Erma Bombeck: The odds of going to the store for a loaf of bread and coming out with ONLY a loaf of bread are three-billion-to-one.
Recently, Marissa (the best-girl-on-earth) told us about a new shopping site for groceries, cosmetics, household products, makeup, baby clothes, and other items. All of their products are healthy and good-for-you. Thrive Market. Where else can you find ghee, kale crisp, and raw pecan butter, along with eye shadow and fermentation kits in the same place? (Except maybe Amazon, but this is better!)
At the time, the website was running a promotion: spend a lot of money, save a lot of money. And we did! I bought things I wouldn’t ordinarily buy (pine nuts are always so expensive!) and Marissa ended up buying lots of baby clothes and toiletries that she’s going to donate to a local women’s shelter.

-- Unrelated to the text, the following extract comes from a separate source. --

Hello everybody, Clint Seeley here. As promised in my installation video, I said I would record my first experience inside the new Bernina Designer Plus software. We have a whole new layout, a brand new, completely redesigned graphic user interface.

Now, I’d like to introduce you to Thrive Market. It’s like Amazon, but healthier! Click on this link Thrive Market and save 25% on your first order and get free shipping. Plus, you get a 30-day free trial membership to try other products. Please feel free to share this link with friends too for more savings. If you refer a friend, you can save $25 on your next order.

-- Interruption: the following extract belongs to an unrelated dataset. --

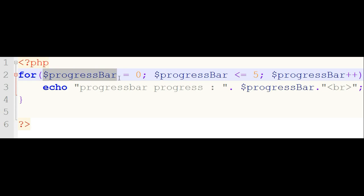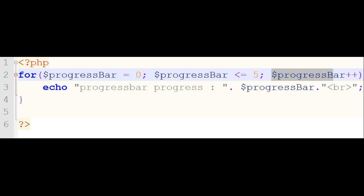First, its initialization — the progress bar is equal to 0. Then, the test condition: I have used the condition where the variable is less than or equal to 5. And then, the increment and decrement operator — I make the variable incremented by 1.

A group of us recently chatted about grocery shopping in general. Many members of the group don’t even go to the store any more. They have everything they need delivered to their doorstep. This makes perfect sense, of course, when you live on the second floor and you’re having dog food delivered. Or a case of toilet paper. But I still enjoy going grocery shopping. Maybe it’s because I love using coupons.
I enjoy cutting out coupons from the Sunday paper. And once in a while, a coupon insert is thrown onto my driveway along with other local advertising. I keep promising myself I’m going to set aside the dollars I saved (shown at the bottom of my receipt) and put it in a piggy bank. Maybe pay for my next vacation? But no, instead, I’ll just settle for reducing the grand total of my shopping order. Now if only someone would put the groceries in my car, unload them from the car, and put everything away. That would be a red-letter day.